Exercises

A simple Coffee Machine

The purpose of this exercise is to familiarize you with the UppAal tool kit and to get a feeling for modelling of reactive systems.
The task is to model a simple coffee machine. Part of the job has already been done, because there is a system  Coffemaker stored in the folder  Dina in the UppAal tool. It  is a simple finite state machine, which looks as follows:
Coffee Machine

1. Load the system and try a simulation to see that it actually goes through the motions.

2. Try checking the following properties with the verifier:
  a. A[] not deadlock
  b. A<> CoffeeMaker.coffee
  c. E<> CoffeeMaker.coffee
  d. CoffeeMaker.brew --> CoffeeMaker.coffee
  e. E<> CoffeeMaker.tea
3. Our coffee machine is sometimes a bit unpredictable and produces tea (thin coffee) and then  refuses to move further. Add a transition (brew to tea) to this effect. And repeat the simulation and verification.

4. After complaints from our costumers, we manage to get the  machine to return to idle, when tea has been brewed. Model this improved version.

5. The model is very abstract; it takes no resources to brew coffee. We want to model this by introducing state variables amount and oldamount. ( These have already been added to the global declarations). We now stipulate that at the transition from  start, amount gets the initial value 50 (assignment amount := 50). Coffee costs 4 units (assignment amount := amount - 4). and tea costs 2 units. Modify the model and simulate it. What happens when amount becomes negative? Check the invariant   A[] amount >= 0.

6. To really check  amount, we use oldamount, and introduce a guard amount < oldamount on the transitions from coffee and tea to idle. We also need to assign oldamount := amount, just before brewing. Modify the model and recheck properties.

7. We should be able to resupply. When in idle, we should not brew unless  amount >= 4,  otherwise we  should go to stop, and from there return to start. Remember to check properties!  Perhaps it is a good idea also to check :
 A[] CoffeeMaker.stop imply amount <= 4.
8. It is still a bit strange that property 2.d does not hold in the weaker form: 
  CoffeeMaker.brew --> CoffeeMaker.coffee or CoffeeMaker.tea
We need to limit the duration of brewing. Introduce a clock c in the global declarations, reset it before brewing and give brew an invariant c < 10.

9. We have a similar problem with  2 b (in a weaker form).  Try committing the states that should take no time. until the property:
  A<> CoffeeMaker.coffee or CoffeeMaker.tea
holds.

10. What about guards that ensure proper brewing:  c > 8 for coffee and  c > 15 for tea? Check the properties!

We have completed building a coffee machine.

The Coffee Vending Machine

We have success with our coffee machine, so we want payment for each cup of coffee. We buy a MoneyBox from an independent vendor., it has a dangling wire (a channel), so we make it a Box connected to a channel link. See the system VendingMachine.

1. Check the properties! Suddenly there seems to be a problem with an infinite loop in the Box. Please repair it by inserting a delay!

2. Synchronize the money box and the CoffeeMaker; it should start to brew on an  ok signal.

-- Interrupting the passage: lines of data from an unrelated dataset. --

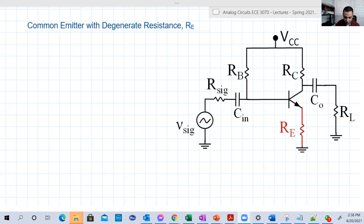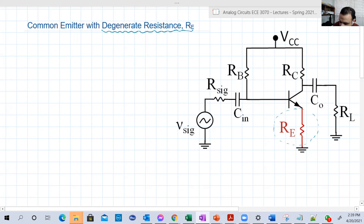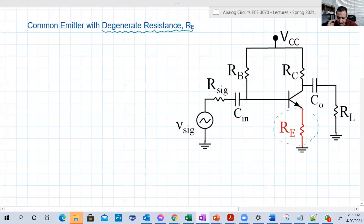In the last recording, we explored some of the problems or disadvantages of the first circuit we explored with common emitter. Here we're going to modify this circuit. It's the same circuit, exactly the same circuit as you see on the screen. But I just added this new resistance RE, which we call degenerate resistance. It's the resistance between the emitter and the ground, and this resistance will improve some of the problems we saw with the circuit that doesn't have this degenerate resistance.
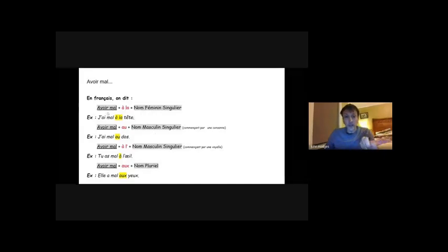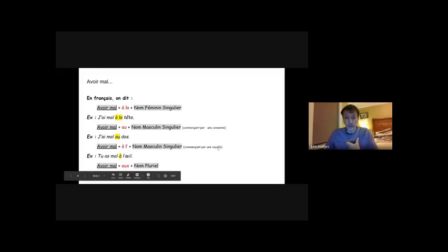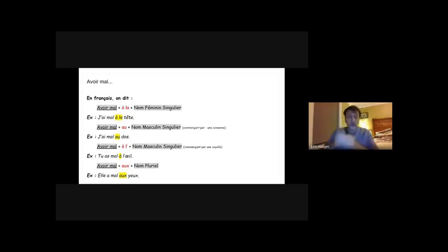So in French, with the expression avoir mal à, we're going to use contractions that we've seen before. If you remember when we talked about sports: jouer au football, jouer à la pétanque, jouer aux échecs. We're going to find these same contractions here. Donc: j'ai mal à la tête, j'ai mal au dos, tu as mal à l'œil, elle a mal aux yeux. À la tête, au dos, à l'œil, aux yeux — pluriel.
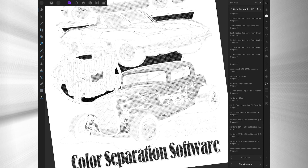Besides that, you can now do color separations in Affinity Photo itself. If you have any questions, please feel free to leave comments below. This program is available in the links below. Thanks again and we will talk to you soon.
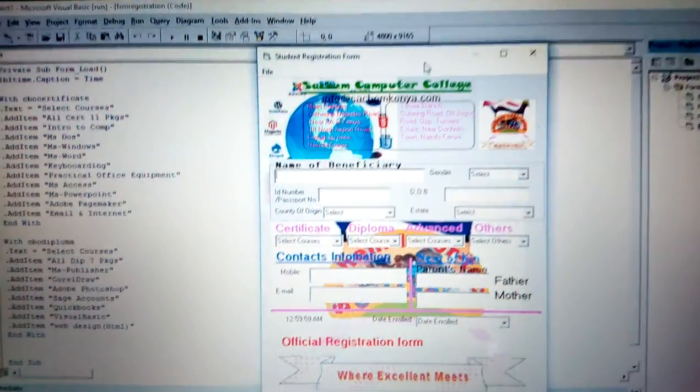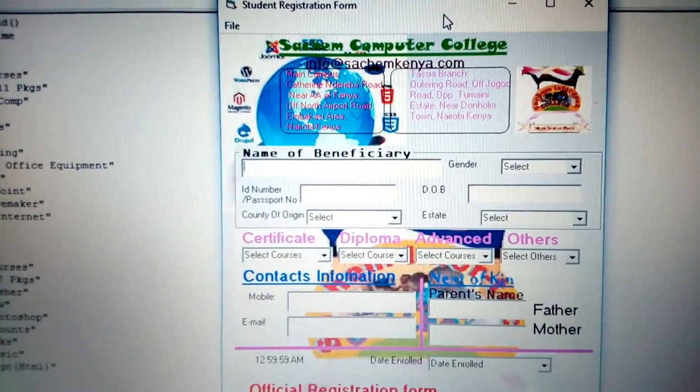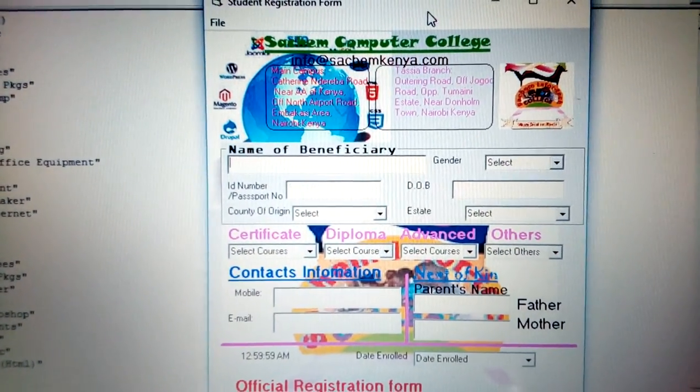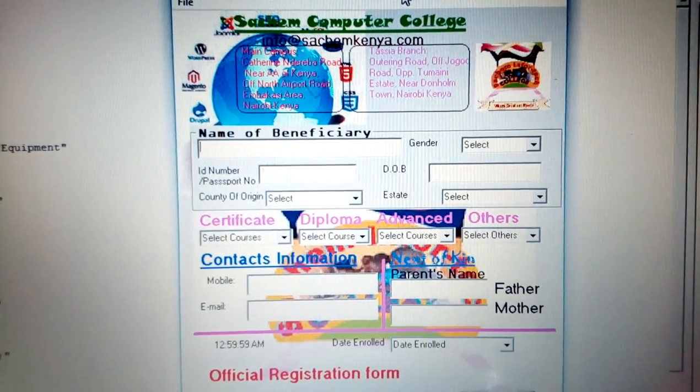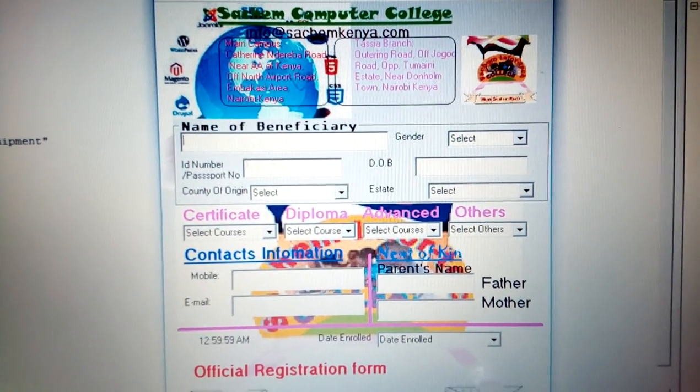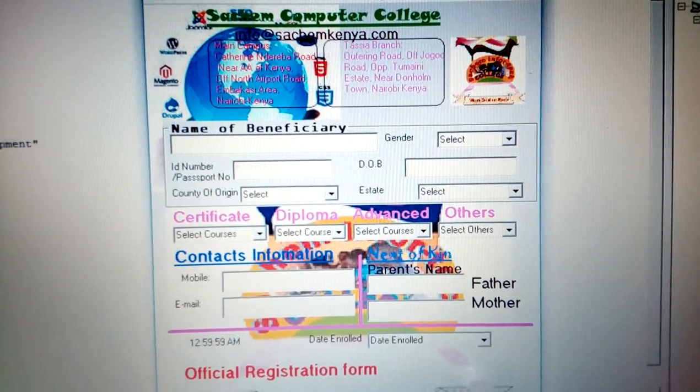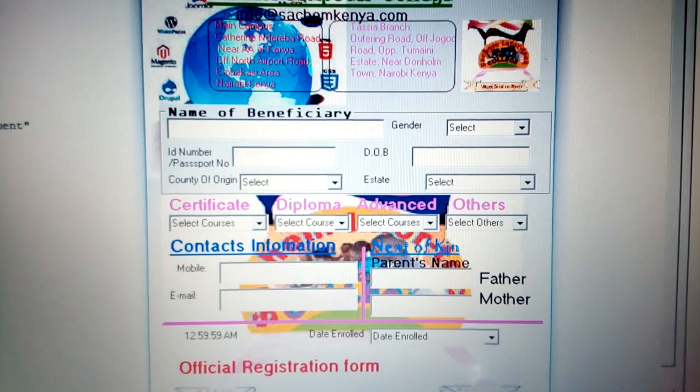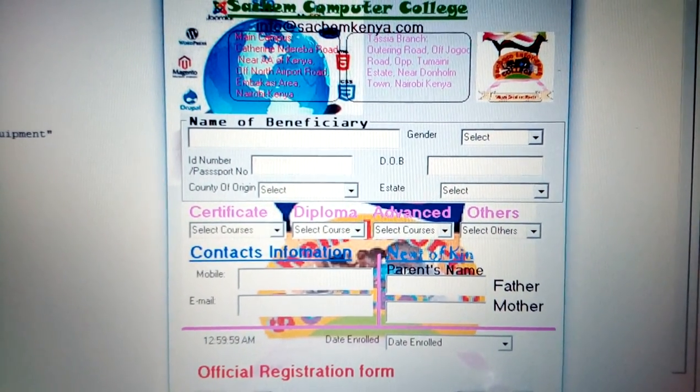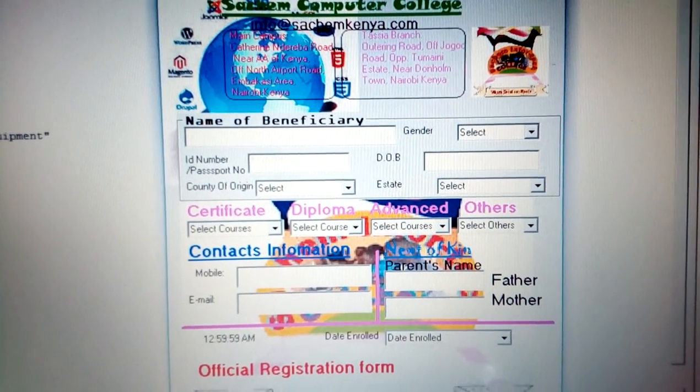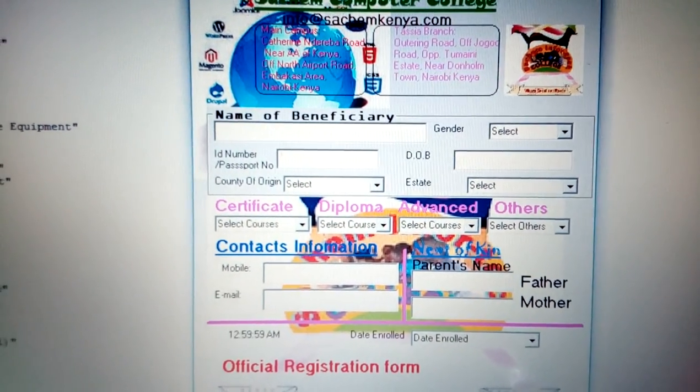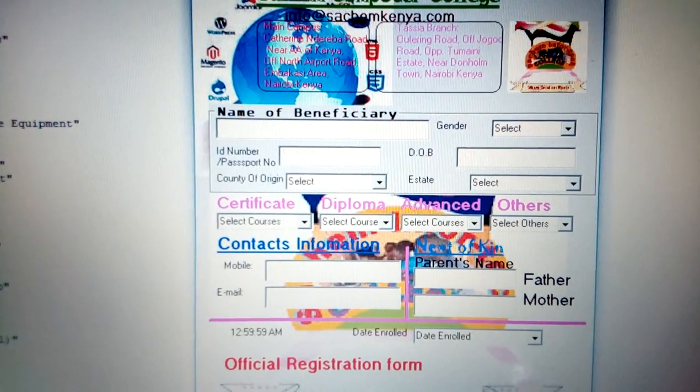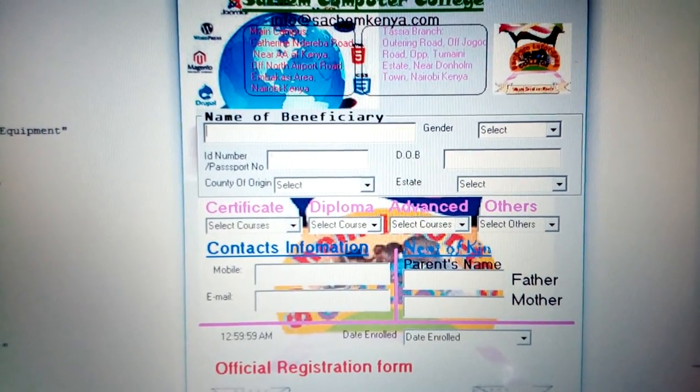In this case, we have the contact information, we have the next of kin information like father and mother, and we have the date enrolled and the time enrolled.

There is a problem, the system deadlocks, because idle can no longer be committed; but it can be urgent. What is the difference?

3. Modify the MoneyBox so it has a local counter amount which counts the number of good coins. You can find a solution as VendingMachine1.

4. Make a new template representing a toggle switch. It should change a boolean parameter  X between 0 and 1, whenever it receives a signal on a channel parameter toggle. A solution is found in Toggle

5. Modify the  Vending Machine such that it instantiates a toggle with a channel switch and a variable COFFEE. Remember to check properties.

6. Modify the coffee machine so it makes tea when COFFEE == 0 or otherwise coffee. Check the properties.

7. Modify the MoneyBox so it first start when it gets a signal on a coin channel. Declare such a global channel and introduce a user process that first flips the switch a number of times and then drops a coin. Check the properties! The system is in VendingMachine_final.

Building Models

For  the remaining part of the exercises, we suggest that you get together according to preferences and try to model aspects of either the API control [BBR02]  or the T-cell. [KCH01].